Let $\mathbb{N}$ denote the set of all natural numbers and let $2^{\mathbb{N}}$ denote the collection of all subsets of $\mathbb{N}$. To prove that the collection $2^{\mathbb{N}}$ is uncountable, for a contradiction, we assume that it is countably infinite, so that the subsets of $\mathbb{N}$ can be listed $A_1, A_2, ........$; hence every subset of $\mathbb{N}$ is $A_k$ for some $k\in \mathbb{N}$. Now, the key point in the proof is to define a set $A=\{k\in\mathbb{N}: k\not\in A_k\}$. With this definition we easily conclude the proof.
Here is my question: Since $\emptyset \subset \mathbb{N}$, we see that the set $A$ is non-empty; but, instead of using this fact, to see that $A\neq \emptyset$, is it possible to prove the existence of (hence, to have) an integer $k$ with $k \not\in A_k$ (so that $A\neq \emptyset$) ? Thanks in advance for any comment/answer.

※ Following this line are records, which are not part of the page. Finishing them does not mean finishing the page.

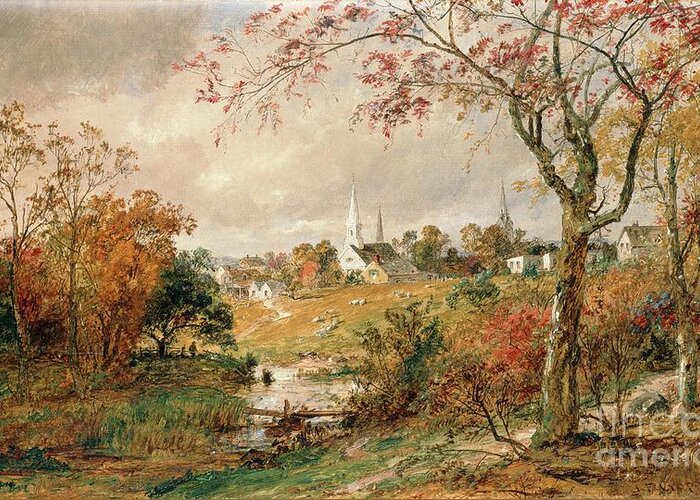 Autumn Landscape Greeting Card featuring the painting Autumn Landscape by Jasper Francis Cropsey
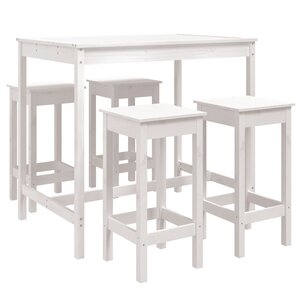 vidaXL Ensemble de bar de jardin 5 Pièces blanc bois massif de pin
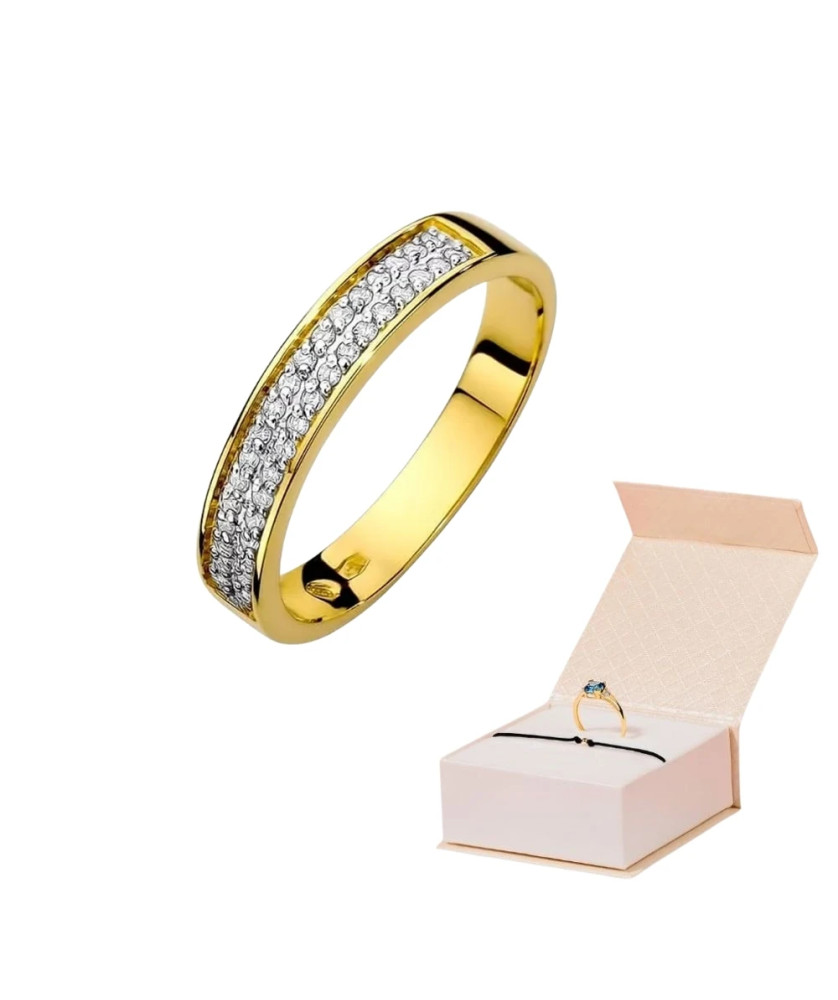 Złoty Pierścionek 14k z diamentem brylant 0,18ct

Given an injective map $\Bbb N\to 2^{\Bbb N}$, $k\mapsto A_k$, you cannot assume for any $k$ that $k\notin A_k$. For example, we might have $A_k=\{k\}$ for all $k$. Of course, if you assume that the map is surjective, you can show whatever you want - simply because there is no such surjection and ex falso quodlibet. In fact, for every $B\subseteq \Bbb N$ (not only for $B=\emptyset$), we immediately see that $A\ne B$, because we assume that there exists some $k$ with $A_k=B$ and the diagonal argument shows that $A\ne A_k$.